Palestinian militants surprised Israeli troops with fierce resistance, some fighting to their last bullets. The Jenin refugee camp was home to 14,000 Palestinians, most of them in cramped cinder-block houses. Estimates of those killed and injured varied, but the Israelis claimed to have killed some 100 Palestinians, arrested 700 others and suffered 23 casualties.

Many of the Palestinians killed were civilians, some when their homes were bulldozed with them inside. The Palestinians talked of a "massacre" of more than 500 Palestinians by the Israelis, and said nearly the entire camp population was left homeless. The Israelis called this propaganda.

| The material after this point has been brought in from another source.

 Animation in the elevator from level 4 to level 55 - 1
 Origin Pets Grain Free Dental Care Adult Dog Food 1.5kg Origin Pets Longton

The United Nations appointed a fact-finding mission to investigate what happened in Jenin.

In its final report, the UN team found fault on both sides. It found that 52 Palestinians had died. That's far fewer than the 500 initially reported dead. It also said that 23 Israeli soldiers were killed.

The report faulted Palestinian militants for booby-trapping houses and potentially putting civilians in danger. It also faulted Israelis, however, for using heavy artillery and rockets in densely populated communities.

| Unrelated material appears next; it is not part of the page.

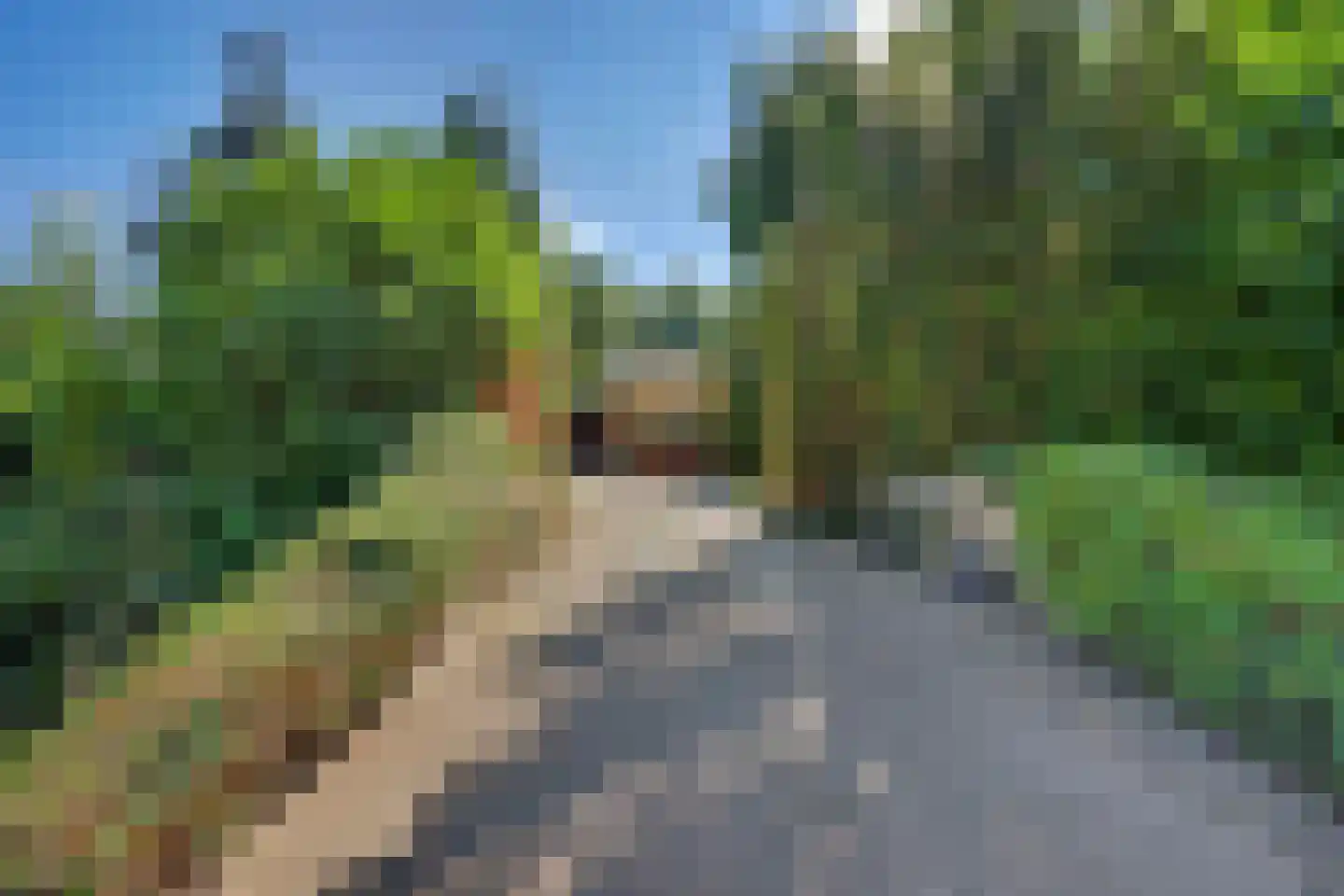 Julianalaan 8 's Gravenmoer thumbnail 9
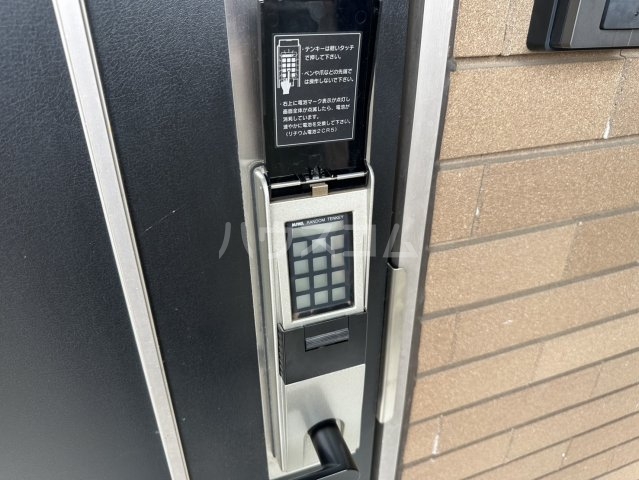 25/30 その他画像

Israeli troops damaged or destroyed a number of schools, saying that they were institutions used to support terrorism. The UN report cited the Israeli actions as the reason for the collapse of the West Bank economy. UN Secretary General Kofi Annan publicly acknowledged the humanitarian crisis in the Palestinian community.

Although the term "massacre" had been previously used to describe the incident at Jenin, the UN left that term out of its report.

More than three million Palestinian refugees live in the 59 UN-operated refugee camps and surrounding areas. The largest number of refugees is in Jordan, with nearly 240,000 reported to be in camps and another 1.3 million living outside of the camps.

The UN also operates refugee camps in these regions (with their refugee populations):

  • Syria (383,000)
  • Gaza Strip (363,000)
  • Lebanon (376,500)
  • Saudi Arabia (275,000)
  • West Bank (132,000)
  • Iraq (90,000)
  • Egypt (40,500)
  • Libya (8,500)
  • Algeria (4,000)
  • Tunisia (300)

According to the United Nations Relief and Works Agency (UNRWA), Palestinian refugees "are persons whose normal place of residence was Palestine between June 1946 and May 1948, who lost both their homes and means of livelihood as a result of the 1949 Arab-Israeli conflict." UNRWA estimates the number of registered Palestinian refugees has grown from 914,000 in 1950 to more than 3.8 million in 2001, and keeps rising.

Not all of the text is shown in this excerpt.